Upon the foregoing findings of fact the Commission concluded as a matter of law that the conduct of respondent constituted willful misconduct in office and conduct prejudicial to the administration of justice which brings the Judicial Office into disrepute and recommended that respondent be *568 censured by the Supreme Court for such conduct.

CONCLUSIONS OF LAW AND ORDER OF CENSURE

The Supreme Court concludes that the Commission's findings of fact are supported by substantial evidence. We therefore accept the facts as established by the findings and apply the law accordingly.

G.S. 7A-376 (Cum.Supp.1975) provides, in pertinent part, as follows:

"Upon recommendation of the Commission, the Supreme Court may censure or remove any justice or judge for wilful misconduct in office, . . . or conduct prejudicial to the administration of justice that brings the judicial office into disrepute."

Willful misconduct in office denotes "improper and wrong conduct of a judge acting in his official capacity done intentionally, knowingly and, generally, in bad faith. It is more than a mere error of judgment or an act of negligence. While the term would encompass conduct involving moral turpitude, dishonesty, or corruption, these elements need not necessarily be present." In re Edens, 290 N.C. 299, 226 S.E.2d 5 (1976).

Conduct prejudicial to the administration of justice that brings the Judicial Office into disrepute denotes "conduct which a judge undertakes in good faith but which nevertheless would appear to an objective observer to be not only unjudicial conduct but conduct prejudicial to public esteem for the judicial office." Geiler v. Commission on Judicial Qualifications, 10 Cal. 3d 270, 515 P.2d 1, 110 Cal. Rptr. 201 (1973), cert. denied, 417 U.S. 932, 94 S. Ct. 2643, 41 L. Ed. 2d 235; In re Edens, supra. Whether a judge's conduct should be so characterized "depends not so much on the judge's motives but more on the conduct itself, the results thereof, and the impact such conduct might reasonably have upon knowledgeable observers." In re Crutchfield, 289 N.C. 597, 223 S.E.2d 822 (1975).

A criminal prosecution is an adversary proceeding in which the prosecuting attorney and defendant or his counsel are entitled to be present and to be heard.
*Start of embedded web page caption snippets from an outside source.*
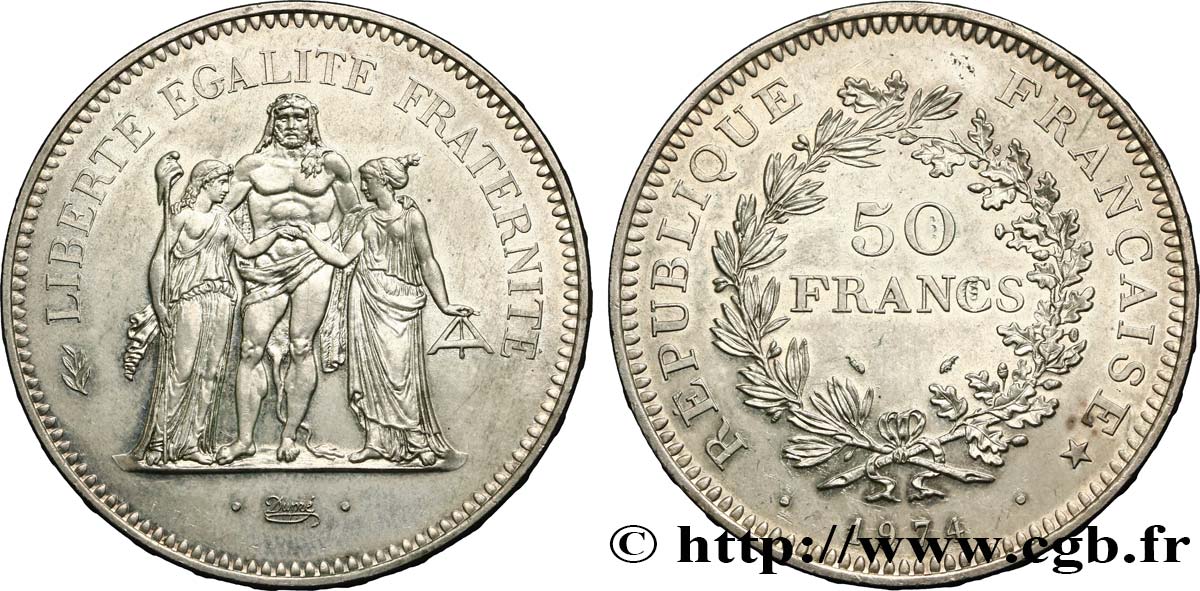 50 francs Hercule 1974  F.427/2 AU55 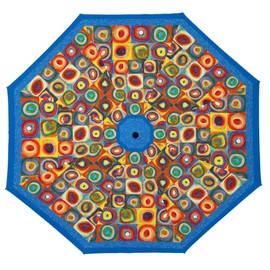 RainCaper Kandinsky Circles Reverse Inverted (inside-out) Windproof Museum Reverse-opening Upside Down Umbrella with C-shaped Handsfree Handle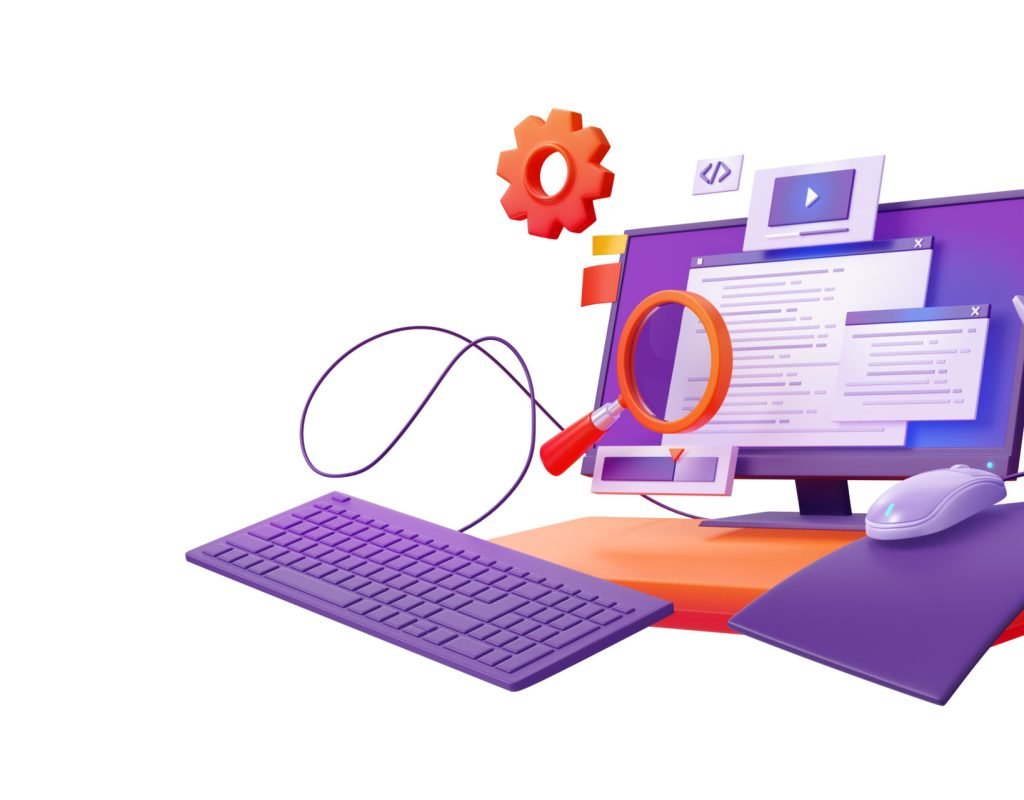 3d render code testing, functional test, programming, search errors and bugs. Website platform development, dashboard usability optimization, computer on desk, magnifier, wrench, Cartoon illustration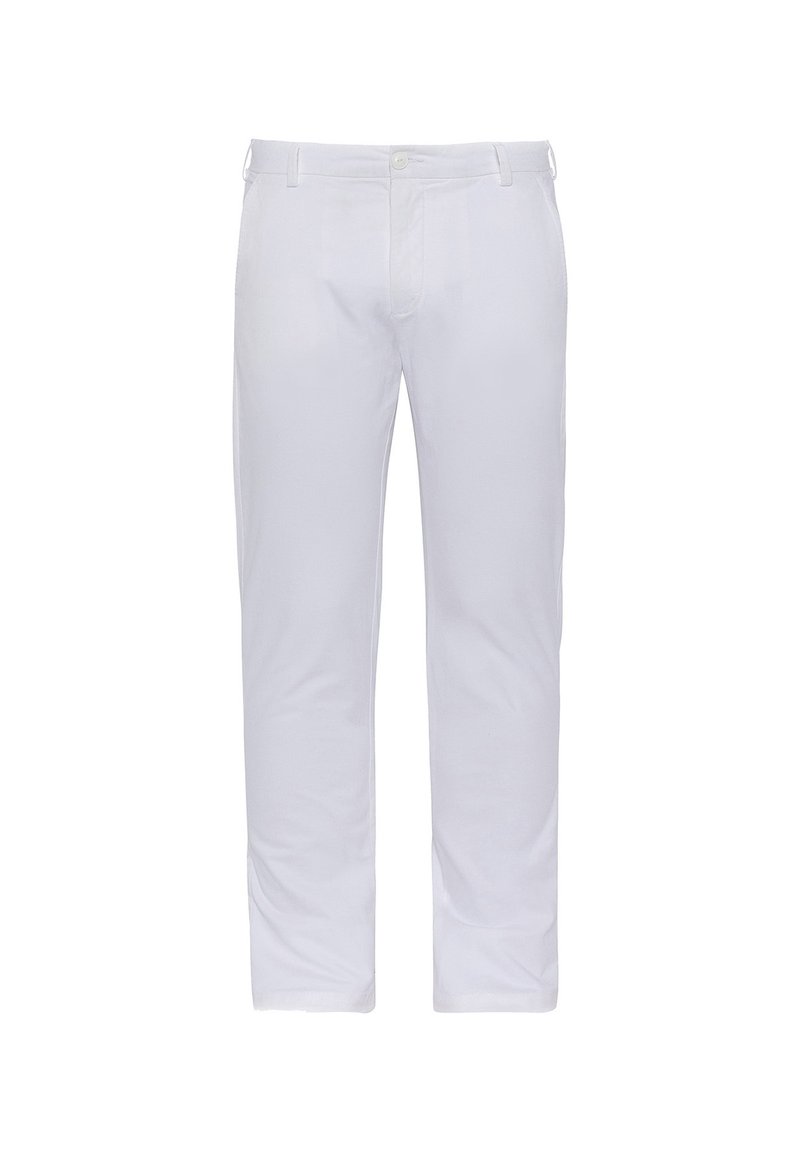 Pantaloni bianchi in cotone con design a gamba dritta, dotati di chiusura con bottone e zip, passanti per la cintura e senza motivi o decorazioni visibili.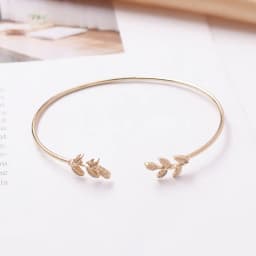 New Pulseiras Double Leaves Open Charm Cuff Bracelets & Bangles for Women Simple Jewelry Gift Mujer Bracciali Bijoux
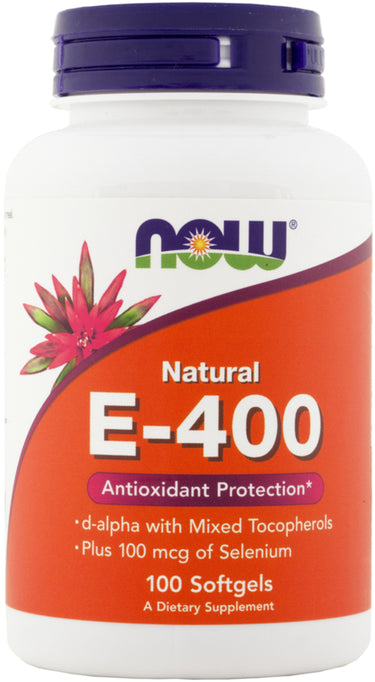Now Natural E-400 with Mixed Tocopherols and 100 mcg Selenium, 100 Softgels bottle.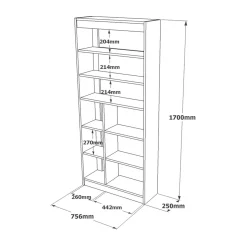 Libreria 5 ripiani quercia e bianca 75x170h cm - Emong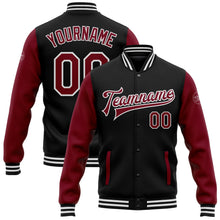 Laden Sie das Bild in den Galerie-Viewer, Uksn Individuelles Bomberjacke in Schwarz-Karmesinrot-Weiß mit Druckknopfleiste, Zweifarben-Design und Varsity-Letterman-Stil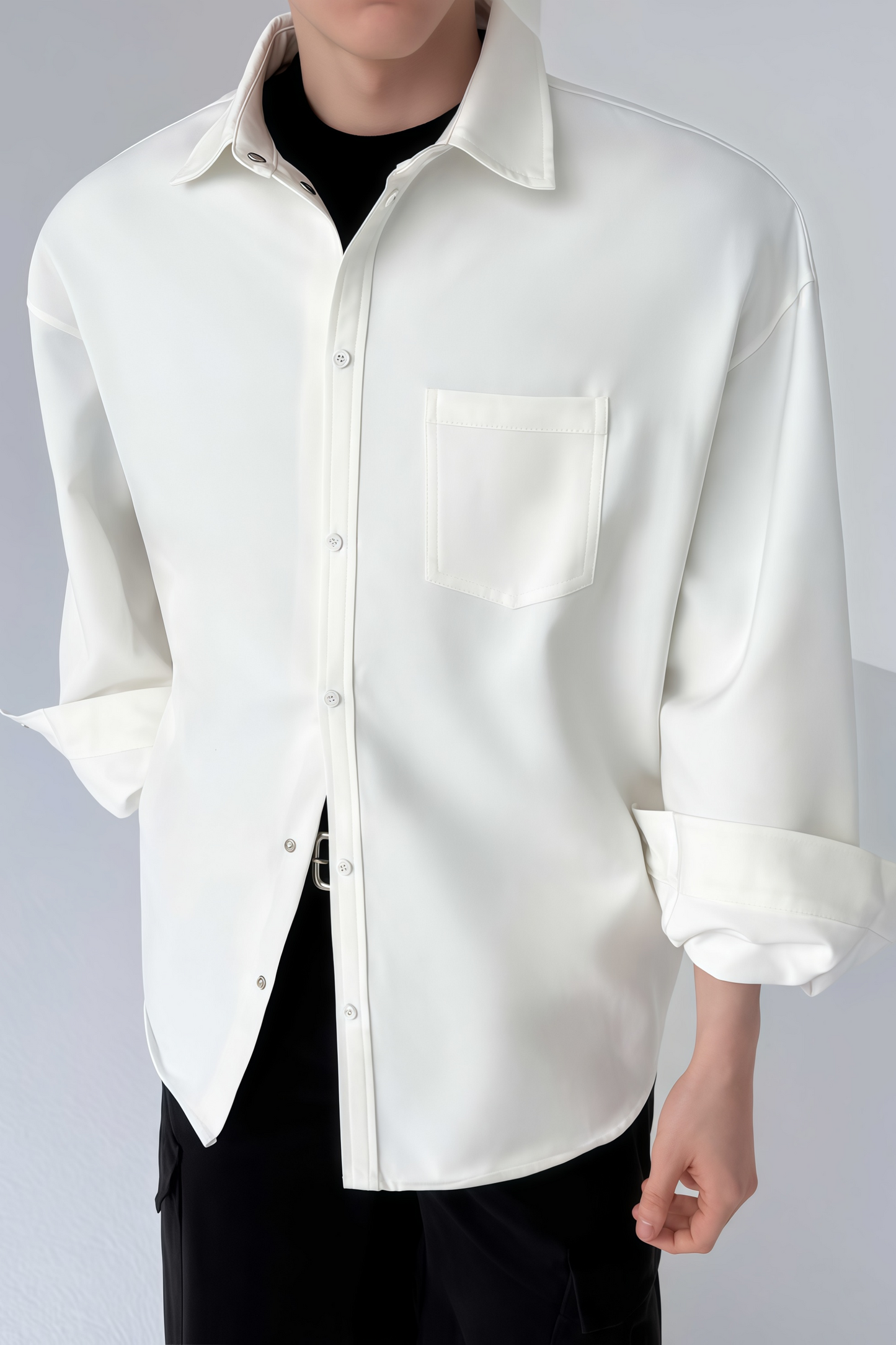 Liam white shirt jacket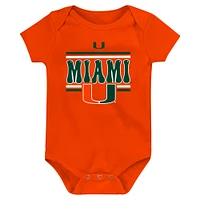 Newborn Green Miami Hurricanes Sunday Comics 3-Pack Bodysuit Set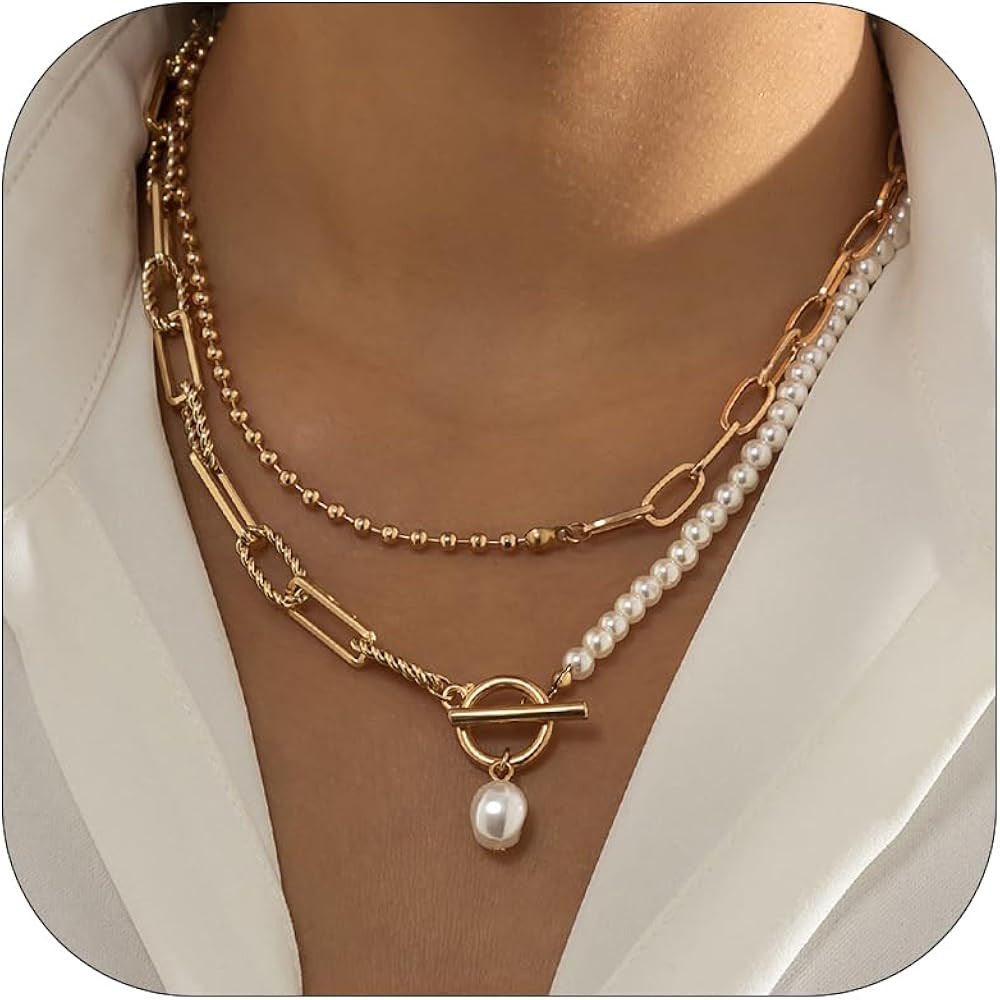 Pearl Necklace for Women Dainty Charm Necklace Layered Necklace for Women Gold Choker Necklace Sh... | Amazon (CA)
Failure to accord the prosecutor such opportunity violates North Carolina Code of Judicial Conduct, Canon 3A(4), 283 N.C. 771, 772, which provides:

"A judge should accord to every person who is legally interested in a proceeding, or his lawyer, full right to be heard according to law, and, except as authorized by law, neither initiate nor consider ex parte or other communications concerning a pending or impending proceeding."

Application of the foregoing legal principles to defendant's actions in the various cases detailed in the findings of fact compels the conclusion that respondent is guilty of willful misconduct in office and conduct prejudicial to the administration of justice that brings the judicial office into disrepute in that respondent: (1) improperly precluded the district attorney from participating in the disposition of cases in which he represented the State and was entitled to be present and to be heard; (2) improperly removed the disposition of cases from public view in open court and transacted the court's business in secrecy; (3) improperly entered a judgment of not guilty in the Dr. Darviris case under circumstances suggesting bad faith; (4) improperly charged the court's judgment in the Lindsey Anthony Antis case under circumstances suggesting bad faith; and (5) violated Canon 3 A(4) of the North Carolina Code of Judicial Conduct. We conclude that respondent should be censured for such conduct in accordance with the recommendation of the Judicial Standards Commission.

Now, therefore, it is ORDERED by the Supreme Court of North Carolina that Judge George Z. Stuhl, be, and he is hereby censured for his improper conduct established and detailed in the findings of fact of the Judicial Standards Commission.

Done by the Court in Conference this 5th day of April 1977.

*569 LAKE, Justice, dissenting.

I dissent for the reasons stated by me in my dissenting opinion in In re Crutchfield, 289 N.C. 597, 605, 223 S.E.2d 822 (1976). This dissent is in no way intended as a condonation of any of the alleged conduct in office of the respondent or is it intended to imply that such conduct, if it occurred, is not prejudicial to the administration of justice or that it does not bring the judicial office into disrepute. My dissent is based solely upon what I consider the obvious unconstitutionality of the statute pursuant to which the Judicial Standards Commission operates and from which the jurisdiction of this Court in this proceeding is purportedly derived.